Campana, 01/10/19.- Tres años después de obtener su libertad, Carlos Miranda Mena se presentó en la Unidad Modelo N° 57 que aloja internos entre 18 y 21 años de edad, para brindar una charla motivacional a los jóvenes en contexto de encierro.

 

El evento, enmarcado en el Programa Integral de Actividades Tratamentales (PIAT) del Ministerio de Justicia, tuvo lugar el viernes, se extendió por 3 horas y tuvo como protagonista al tallerista de Lengua y Literatura Carlos Miranda Mena, quien estuvo acompañado por el Director de Políticas de Inclusión Educativa y Formación Laboral, Dr. Ariel Rondán, el Director de la Unidad, Manuel Gastón Collado y el Subdirector de Asistencia y Tratamiento Juan Choque.

Participaron del encuentro 150 internos y en la exposición el ex detenido, contó su experiencia de vida y su recorrido dentro de las unidades penitenciarias, y emocionado expresó que su vida actual se debe al esfuerzo personal por cambiar pero que fundamentalmente se lo debe “a los libros”. El hoy tallerista en distintas Unidades Penitenciarias Bonaerenses dijo: “La literatura me hizo ver las cosas de otra manera, me hizo entender que otra vida es posible, que uno puede cambiar, que puede mejorar”... y agregó:… Hoy me encuentro acá para decirles que otra vida es posible, que esta Unidad les da muchas posibilidades de crecimiento personal. Acá pueden terminar la escuela, usar la biblioteca y formar parte de la oferta deportiva y de talleres de oficios”. Además  aconsejó que “el tiempo bien usado acá adentro es una herramienta fundamental para su futuro en libertad, por eso les pido que se capaciten, que estudien, que se formen, porque afuera estén seguros de que les va a servir. Yo aprendí a leer a los 33 años, soy el ejemplo vivo de que nunca es tarde para volver a empezar. Ustedes con la edad que tienen corren con ventaja, aprovechen”.
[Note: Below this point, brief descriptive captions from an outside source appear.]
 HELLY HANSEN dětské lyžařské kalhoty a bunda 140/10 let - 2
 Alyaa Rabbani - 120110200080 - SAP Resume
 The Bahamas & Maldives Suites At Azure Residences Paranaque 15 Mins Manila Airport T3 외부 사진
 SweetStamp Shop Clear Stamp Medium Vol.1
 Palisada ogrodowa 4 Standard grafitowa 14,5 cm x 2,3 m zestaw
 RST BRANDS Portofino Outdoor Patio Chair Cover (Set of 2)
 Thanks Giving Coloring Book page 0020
Lisandro, un joven detenido en la Unidad, terminada la charla le dijo al invitado: “Carlos, tu visita me llena de entusiasmo, me motiva mucho. Escucharte me da esperanza”. Ahora que te escucho, te juro que voy a terminar la escuela porque vos estuviste muchos años preso y me demostrás que se puede cambiar de vida”.  Finalmente, los jóvenes se pusieron de pie y rompieron su silencio con aplausos de agradecimiento. “Estoy eternamente agradecido de que el Estado me haya dignificado la vida con el trabajo como tallerista y que me haya dado la posibilidad de hacer lo que me hubiese gustado que hagan conmigo”, cerró Mena.
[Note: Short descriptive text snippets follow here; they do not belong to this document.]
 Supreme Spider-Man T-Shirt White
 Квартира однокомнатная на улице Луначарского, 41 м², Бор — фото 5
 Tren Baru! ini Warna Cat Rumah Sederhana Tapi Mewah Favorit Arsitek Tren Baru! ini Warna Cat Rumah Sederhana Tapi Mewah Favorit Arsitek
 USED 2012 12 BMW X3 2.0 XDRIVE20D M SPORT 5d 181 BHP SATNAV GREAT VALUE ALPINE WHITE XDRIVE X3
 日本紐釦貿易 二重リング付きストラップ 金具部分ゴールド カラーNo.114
La Unidad 57, Unidad modelo en Latinoamérica, es la única dentro de la Provincia de Buenos Aires que está destinada exclusivamente a personas privadas de libertad de entre 18 y 21 años de edad, de sexo masculino y cuyas penas resultaren menores a cinco años de prisión y consecuencia de delitos menores.

La dependencia aloja actualmente a 478 internos  y cuenta con cuatro módulos con escuela propia,  una importante oferta de talleres en oficios, deportiva y educativa, y un polideportivo central para el esparcimiento de los jóvenes. Las salas de clase tienen una capacidad para 480 internos y se cuenta además con un aula taller móvil donde se dictan cursos de alfabetización digital. 

Cabe destacar también que la Unidad tiene particularidades especiales no solo para los internos sino también para quienes ejercen el trabajo de tratamiento y custodia del establecimiento ya que para comprender la problemática de los jóvenes-adultos detenidos, los agentes penitenciarios   fueron capacitados en Derechos Humanos en contexto de encierro, Justicia Restaurativa, Juventud y Delito, Consumos Problemáticos y Violencia, y en Salud Mental, todo dentro del Programa Integral de Asistencia y Tratamiento para Jóvenes Adultos (PIATJA).